Book Club – 17th July 2013 – Jackie Kay – Red Dust Road

After a break for the Book Club since March, we had a lot to discuss at our last meeting. Eight members met to discuss Red Dust Road, a memoir by Jackie Kay. The book description sums it up eloquently:

A heart-warming book that answers the question: how do you define “family”?

Once, as a small child, she realizes that her skin is a different color from that of her beloved parents, Jackie Kay embarks on a complicated and humorous journey to treasure the adoptive family that chose her, track down her birth parents—her Scottish Highland mother and Nigerian father—and embrace her unexpected and remarkable life.

In a book shining with warmth, humor, and compassion, she discovers that inheritance is about more than genes: that we are shaped by songs as much as by cells and that our internal landscapes are as important as those through which we move.

Taking the reader from Glasgow to Lagos and beyond, Red Dust Road is revelatory, redemptive, and courageous, unique in its voice and universal in its reach. It is a heart-stopping story of parents and siblings, friends and strangers, belonging and beliefs, biology and destiny, and love.

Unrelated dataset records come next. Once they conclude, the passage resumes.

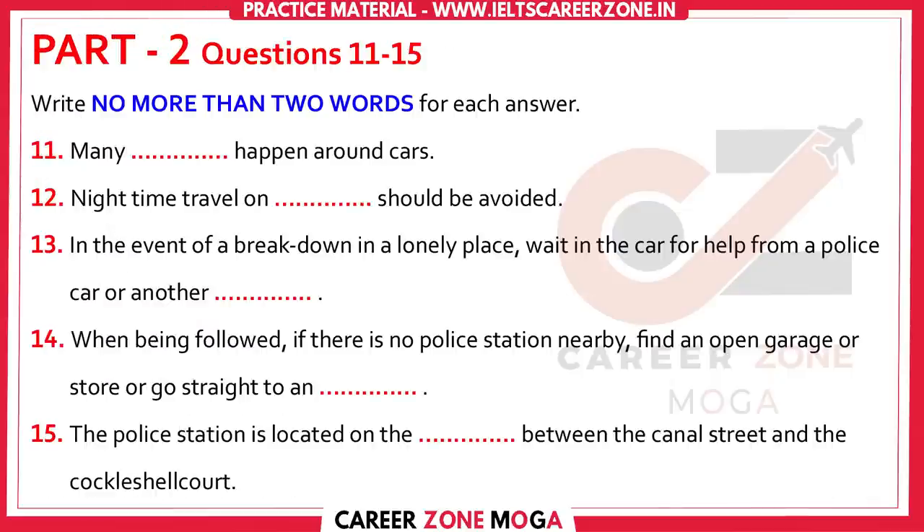Now turn to part two. You will hear a crime prevention and fire safety officer talking to a group of new residents. First, you have some time to look at questions 11 to 15.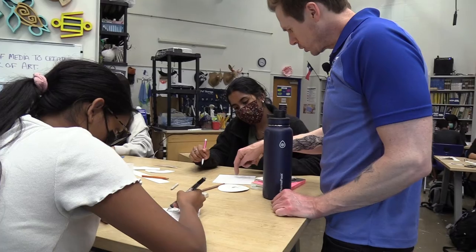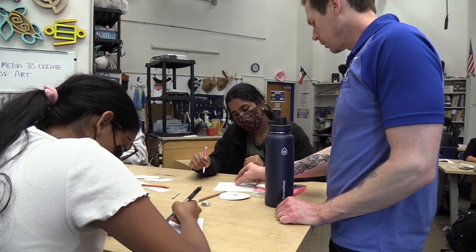Mr. Newman teaches Art 1, Ceramics, and AP 3D, and the classes are project-based.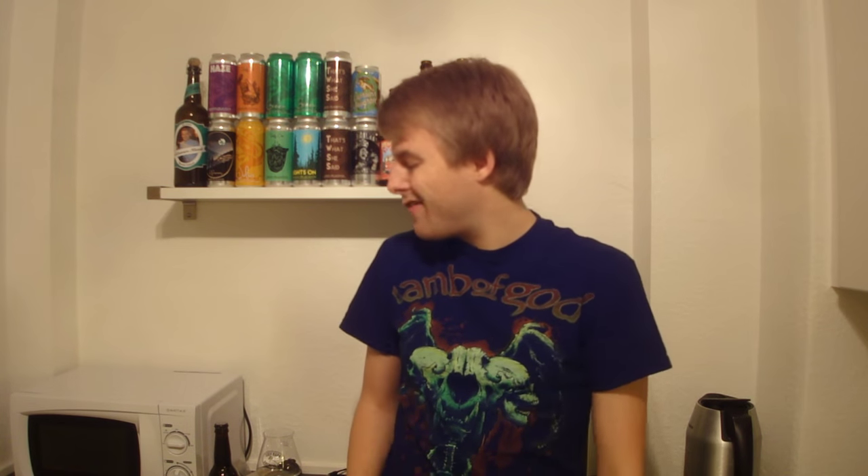Hello beer chambers and welcome to another beer review with me, Peter the master of puppets. Today looking at another beer that was sent to me from beerjunk.com, a great Belgian web shop that you guys should check out for a great selection of craft beer.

The overall consensus was that everyone enjoyed the book and and got a lot from it. The book described Jackie’s childhood as a mixed race adopted child in Scotland and her subsequent journey as an adult to find her birth parents. Jackie’s life hasn’t been an idyllic skip through childhood, she experienced lots of racism, passive and deliberate. However, her adoptive parents equipped Jackie with an amazing ability to see beyond lots of life’s disappointments. The humour and humility throughout the book is very humbling and I think the majority of us who read it felt we had gained a lot from it that will stay with us.

We briefly discussed The Guernsey Literary and Potato Peel Pie Society and Stay Close from the previous cancelled meeting, it was a stretch for our memories to recall the two. The GLPPPS was well received and remembered fondly by those that had read it. Stay Close was a little less memorable. A good page turner, holiday read, but not one with a profound memorable story line.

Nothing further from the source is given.